Man mano che gli rendono omaggio, i molti “peregrinantes” s’interpellano imbarazzati anche sull’altro atto d’ossequio – ispirato alla sua vitalità – quello già fissato da un mese, per le ore 20 a Guardialfiera. Carlo Jovine, risoluto, li previene, confermando loro il programma tratteggiato dal papà. E sussurra: “Mi sembra lo schema infallibile per onorarlo! E’ la sua poesia. E’ la sua dottrina sana ad assicurargli l’immortalità. Il mito degli eroi non è legato alla bara, ma al culto e all’èpica del loro messaggio”.

Passano poche ore dallo spirare di Peppe. L’intellighentia molisana rigurgita dentro la “Sala Zifì”. Come flauto la voce di Aldo Gioia esordisce e suona la rapsodia del vernacolo e delle liriche “dal cuore caldo” prescelte dal figlio.  E, man mano, in alternanza “al desinar e al melodiar di corde”, Mario Gramegna, Pietro Corsi, Enzo Nocera, Nicola Perrazzelli, Antonio Mucciaccio, Pasquale di Lena, Gabriella Jacobucci, Carlo Cappella, s’alternano al leggìo e, con rapida estemporaneità sapienziale, lasciano pennellate di colori alla vita e al profilo letterario di Colui che “non è fuggito in compagnia dell’ore”.

Ma Carlo “non s’avvanza al sol languore e pianto”. Diviene “un doverista” alla maniera paterna. “Il Sole sul cammino” – unico esemplare del Sussidiario per la IV classe elementare, curato da Francesco Jovine – è stato trafugato! La mia amarezza giunge a Carlo. Egli conosce il testo. Sa di quelle rare perle che hanno fregiato e forgiato la vita di numerosi scolari, fortunati discepoli dello scrittore, di quando era maestro elementare a Guardialfiera, negli anni 20. E sa che, fra quei marmocchi c’era mia madre. Ne rintraccia copia a Roma negli scaffali di famiglia, me la spedisce, come a voler ricordare e celebrare, anche così, questo 2018, ventennale della morte del suo papà.

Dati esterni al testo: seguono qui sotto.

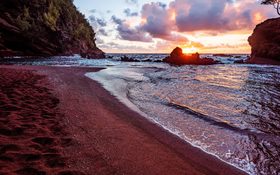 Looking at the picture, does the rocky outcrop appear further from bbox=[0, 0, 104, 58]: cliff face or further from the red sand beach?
the red sand beach

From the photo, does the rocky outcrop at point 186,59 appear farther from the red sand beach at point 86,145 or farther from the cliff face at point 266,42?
the red sand beach at point 86,145

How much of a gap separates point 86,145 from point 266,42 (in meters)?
50.1

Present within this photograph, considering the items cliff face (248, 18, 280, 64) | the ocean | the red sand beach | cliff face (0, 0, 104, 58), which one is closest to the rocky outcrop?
cliff face (248, 18, 280, 64)

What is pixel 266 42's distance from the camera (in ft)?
152

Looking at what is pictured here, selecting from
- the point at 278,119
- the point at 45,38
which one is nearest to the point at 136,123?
the point at 278,119

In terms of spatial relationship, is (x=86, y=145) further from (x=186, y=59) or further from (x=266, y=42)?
(x=266, y=42)

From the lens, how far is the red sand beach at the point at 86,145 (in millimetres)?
3832

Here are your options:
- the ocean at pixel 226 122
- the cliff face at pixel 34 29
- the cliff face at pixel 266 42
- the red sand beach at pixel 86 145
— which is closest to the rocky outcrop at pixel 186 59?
the cliff face at pixel 266 42

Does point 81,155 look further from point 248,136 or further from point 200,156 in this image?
point 248,136

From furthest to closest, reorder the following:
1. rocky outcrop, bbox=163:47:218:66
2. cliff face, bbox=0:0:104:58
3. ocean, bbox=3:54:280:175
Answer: cliff face, bbox=0:0:104:58 < rocky outcrop, bbox=163:47:218:66 < ocean, bbox=3:54:280:175

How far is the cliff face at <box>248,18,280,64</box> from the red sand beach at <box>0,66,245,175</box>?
149 ft

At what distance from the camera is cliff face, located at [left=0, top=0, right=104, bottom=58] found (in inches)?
1922

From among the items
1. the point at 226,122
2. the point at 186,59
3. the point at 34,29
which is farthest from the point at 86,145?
the point at 34,29

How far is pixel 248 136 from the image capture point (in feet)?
20.9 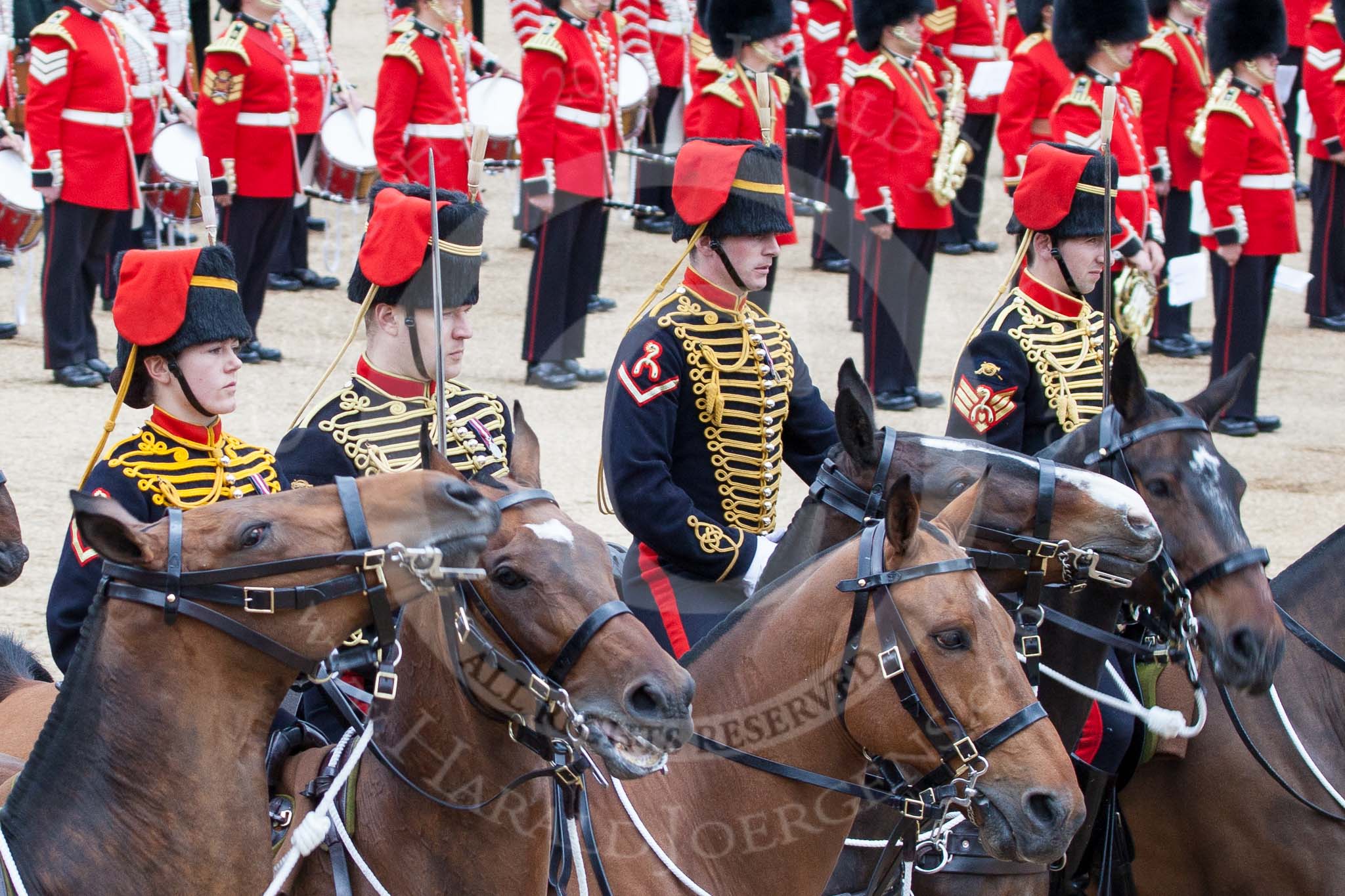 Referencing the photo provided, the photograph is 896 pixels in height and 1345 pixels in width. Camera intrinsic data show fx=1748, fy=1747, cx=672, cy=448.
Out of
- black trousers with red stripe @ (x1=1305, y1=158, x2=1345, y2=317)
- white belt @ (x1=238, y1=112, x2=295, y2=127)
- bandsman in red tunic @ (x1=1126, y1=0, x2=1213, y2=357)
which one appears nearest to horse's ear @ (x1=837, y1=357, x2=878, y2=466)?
white belt @ (x1=238, y1=112, x2=295, y2=127)

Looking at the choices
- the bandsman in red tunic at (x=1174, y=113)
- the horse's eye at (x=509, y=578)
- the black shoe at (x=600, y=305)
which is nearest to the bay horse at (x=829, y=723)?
the horse's eye at (x=509, y=578)

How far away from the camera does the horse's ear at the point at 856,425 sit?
3.38 m

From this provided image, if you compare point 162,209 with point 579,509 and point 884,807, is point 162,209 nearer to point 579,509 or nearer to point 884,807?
point 579,509

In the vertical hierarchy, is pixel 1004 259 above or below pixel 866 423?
below

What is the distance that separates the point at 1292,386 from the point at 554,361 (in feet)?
13.8

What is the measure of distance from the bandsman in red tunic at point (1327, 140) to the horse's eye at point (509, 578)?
8350 millimetres

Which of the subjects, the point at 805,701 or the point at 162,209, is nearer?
the point at 805,701

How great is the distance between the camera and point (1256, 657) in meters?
3.55

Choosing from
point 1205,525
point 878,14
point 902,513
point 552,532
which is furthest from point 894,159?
point 552,532

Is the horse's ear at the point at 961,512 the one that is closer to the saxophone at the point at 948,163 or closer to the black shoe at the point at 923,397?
the black shoe at the point at 923,397

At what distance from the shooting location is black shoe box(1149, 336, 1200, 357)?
10234 millimetres

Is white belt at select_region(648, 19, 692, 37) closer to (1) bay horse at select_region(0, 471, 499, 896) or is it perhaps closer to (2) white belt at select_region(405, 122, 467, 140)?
(2) white belt at select_region(405, 122, 467, 140)

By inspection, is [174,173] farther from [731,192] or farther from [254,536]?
[254,536]

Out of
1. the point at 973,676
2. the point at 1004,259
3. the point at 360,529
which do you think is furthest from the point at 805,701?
the point at 1004,259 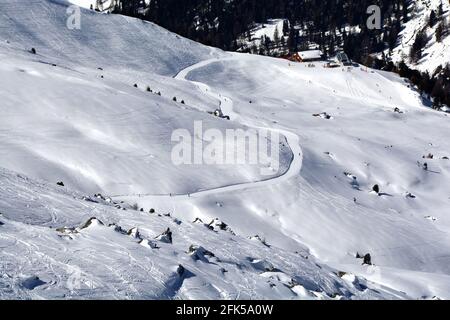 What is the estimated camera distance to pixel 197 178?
39.5 metres

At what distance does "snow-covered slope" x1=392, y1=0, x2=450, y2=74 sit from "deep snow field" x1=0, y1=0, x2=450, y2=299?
197 feet

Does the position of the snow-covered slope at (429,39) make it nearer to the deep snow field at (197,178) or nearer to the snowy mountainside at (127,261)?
the deep snow field at (197,178)

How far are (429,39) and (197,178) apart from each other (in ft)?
420

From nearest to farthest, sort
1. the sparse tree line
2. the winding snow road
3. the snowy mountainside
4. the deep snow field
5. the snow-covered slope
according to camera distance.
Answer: the snowy mountainside → the deep snow field → the winding snow road → the snow-covered slope → the sparse tree line

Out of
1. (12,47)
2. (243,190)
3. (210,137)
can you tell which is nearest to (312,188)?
(243,190)

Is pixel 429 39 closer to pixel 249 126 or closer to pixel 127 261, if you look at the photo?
pixel 249 126

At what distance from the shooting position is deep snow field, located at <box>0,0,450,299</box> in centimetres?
1764

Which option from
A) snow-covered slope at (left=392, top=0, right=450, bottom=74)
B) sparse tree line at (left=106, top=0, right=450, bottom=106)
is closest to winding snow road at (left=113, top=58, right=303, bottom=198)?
sparse tree line at (left=106, top=0, right=450, bottom=106)

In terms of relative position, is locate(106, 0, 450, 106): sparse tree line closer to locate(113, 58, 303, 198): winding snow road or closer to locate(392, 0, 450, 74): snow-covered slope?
locate(392, 0, 450, 74): snow-covered slope

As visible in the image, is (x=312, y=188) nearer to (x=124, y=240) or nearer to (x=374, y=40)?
(x=124, y=240)

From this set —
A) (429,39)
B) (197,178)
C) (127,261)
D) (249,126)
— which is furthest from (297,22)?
(127,261)

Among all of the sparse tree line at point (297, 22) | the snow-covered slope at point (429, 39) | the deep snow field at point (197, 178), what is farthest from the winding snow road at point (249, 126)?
the snow-covered slope at point (429, 39)

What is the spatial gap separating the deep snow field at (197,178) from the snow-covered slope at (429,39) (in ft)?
197

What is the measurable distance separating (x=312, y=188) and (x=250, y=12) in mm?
147895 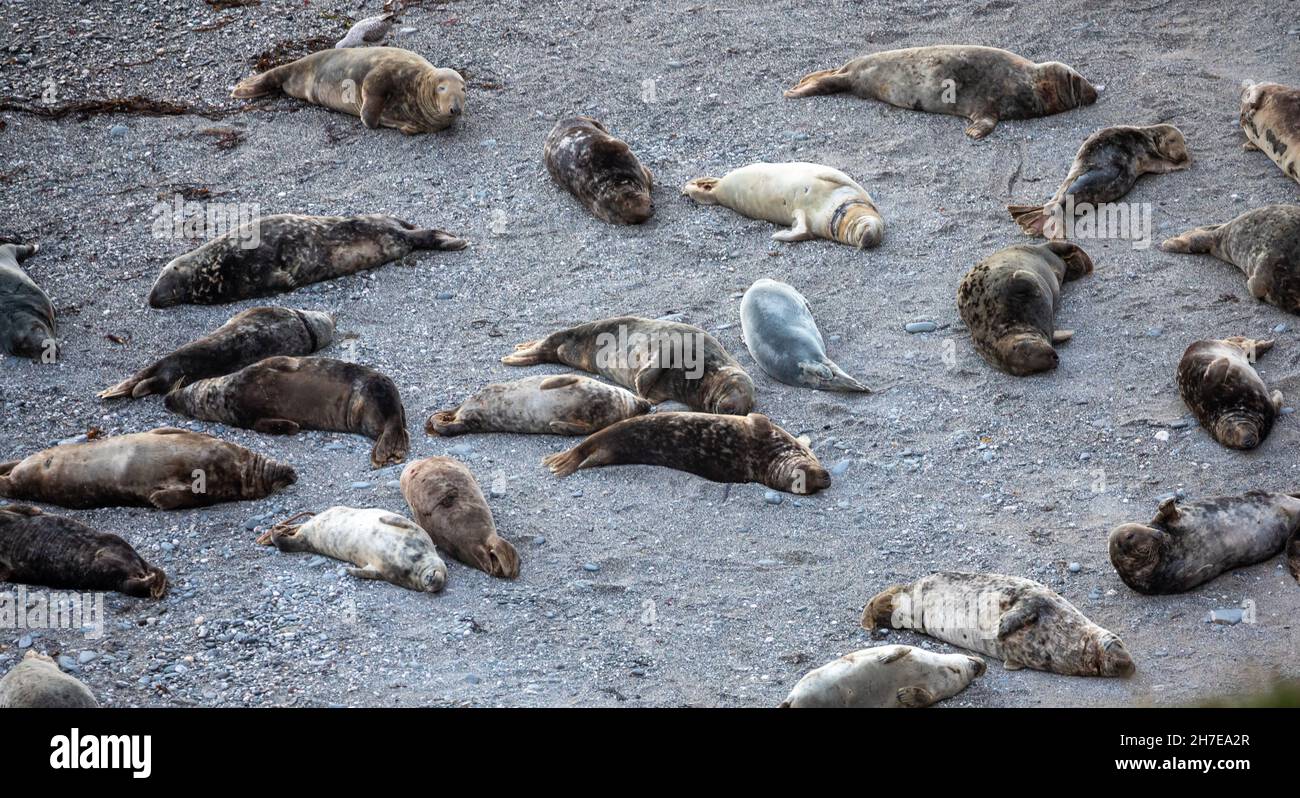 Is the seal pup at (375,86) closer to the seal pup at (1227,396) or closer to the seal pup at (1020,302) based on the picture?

E quasi a far risplendere, assieme a lui, un nuovo Sole sul mio cammino sentimentale. Quasi a voler esaltare, assieme a me ottantaduenne, i valori fondamentali, sacri una volta in Contado di Molise, ma spesso dimenticati  dal clamore dei nostri giorni: la semplicità, la tenerezza, la dignità, le premure reciproche che perdurano anche in tarda età. E per farmi amare, col suo spirito di nobiluomo e di vero amico, l’appassimento cronologico che, però, dona la freschezza della palma e del cedro, cantati nei Salmi di Davide.